IgorPartola · on July 23, 2022

creat is as well if you do the magic correctly. Well except if the file system is network mounted. Maybe. And if another process respects what you are doing.

zamalek · on July 23, 2022

It's trivial to implement with CAS (e.g. Git is a transactional file system). That's a lot of code/time/money/attack surface to spend on the kernel when it is so easy to do in userspace.

hansvm · on July 23, 2022

It's only easy to do in userspace for consenting adults though. The whole point of an OS is to manage contended resources, and this particular contended resource requires every process to implement their own way of safely interacting with every other process

Joker_vD · on July 23, 2022

And now I have flashbacks of trying to use flock(2)/lockf(3) for their intended purposes... such miserably misdesgined (and underdocumented) pieces of file API, bloody hell.

bhawks · on July 23, 2022

The filesystem abstraction can only work when it's used by cooperating, well mannered consenting adults. At it's core it is just a hierarchical key-value store where the core os plays a middle manager role connecting applications looking up keys and filesystem plugins serving values and persisting them onto the kernels block device apis.

It certainly can be a convenient and productive abstraction but the model itself has very clear natural limits.

bhawks · on July 23, 2022

Transactions are for databases, databases are for sets of 1 or more processes that are coupled to, permissioned for and willing to cooperate with each other.

Transactional operations bring the chance of deadlocks. Deadlocks cause performance and denial of service implications. Deadlocks are far more easier to detect vs prevent vs avoid. Detected deadlocks are resolved by killing one of the requests, which must be handled by the cooperating and highly coupled processes.

The filesystem is an abstraction of convenience and very loose rules. Instead of all the structure and rigor a database brings a program just gives a string to the os and gets bytes back. The cost of this ease of use is that you must keep your program's demands and expectations low.

chrismorgan · on July 23, 2022

It feels to me rather like the difference between cooperative versus preemptive scheduling. Some mainstream operating systems used to use cooperative scheduling. All have long shifted to preemptive scheduling. File system transactions would be global in the same way kernel-space cooperative scheduling is—and one malicious or even buggy process can now bring down the whole system.

In a fully controlled environment you could do it, just like you can do cooperative scheduling, but outside of such an environment you just can’t do it in any way sanely.

charcircuit · on July 23, 2022

A filesystem is a database.

wmf · on July 23, 2022

I read that the Tandem NonStop OS from the 1980s had a built-in transaction manager (because the OS was designed to run databases) and they built their filesystem on top of the transaction manager which gave them filesystem transactions for "free".

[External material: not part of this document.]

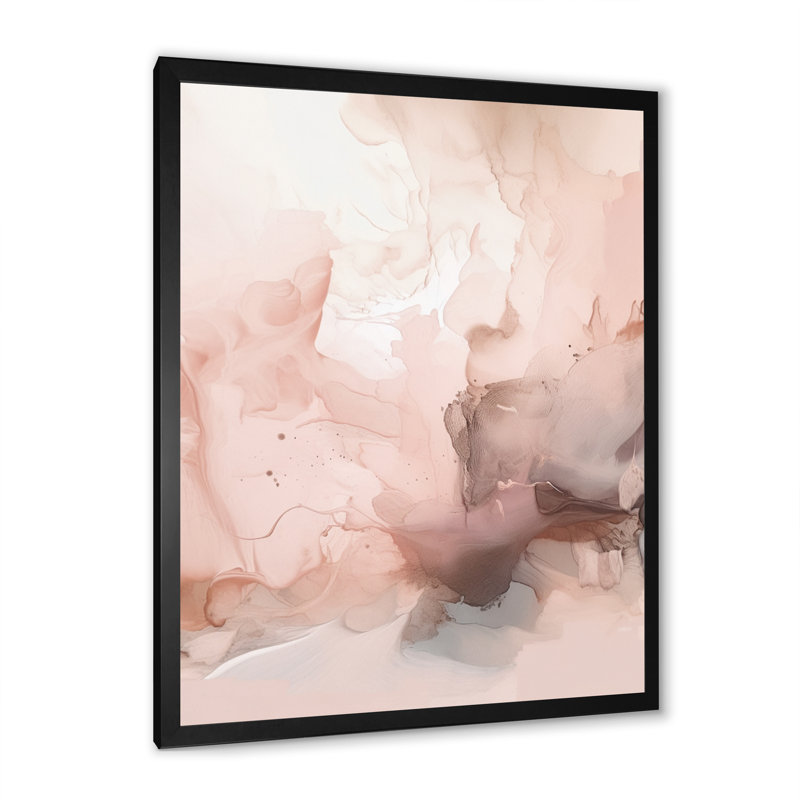 Rose délicat, marbre abstrait I - art mural abstrait en marbre, Cadre photo noir, H 44 po x l 34 po x P 1,5 po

JPLeRouzic · on July 23, 2022

I think the Pick OS, at least in its native form, had no file system but used a database.

It was very easy to program. I saw colleagues with no computer science education writing complex queries on "Pick Basic", what would have been impossible for them on classical computers of the time (or of today as well).

https://en.wikipedia.org/wiki/Pick_operating_system

TheAceOfHearts · on July 23, 2022

I think macOS at some point supported file system transactions as well. If you look through the AppleScript docs there used to be references to file system transactions, but it appeared incomplete and undocumented.

Would love to hear more details if anyone is knowledgeable of this arcane history.

jbverschoor · on July 23, 2022

I guess the number of comments explain

nobozo · on July 23, 2022

Mike Stonebraker and others are working on an OS that is based on a database.

Take a look at https://vldb.org/pvldb/vol15/p21-skiadopoulos.pdf

jasfi · on July 23, 2022

Concepts like transactions are often about trade-offs between performance and features (which introduce complexity). It's likely that the OS architects realized that if devs wanted transactions they'd use a database.

dmpk2k · on July 23, 2022

ZFS does, although to fully exploit it you'll need to make DMU calls.

gavinhoward · on July 23, 2022

And this is one of the many reasons I use ZFS personally.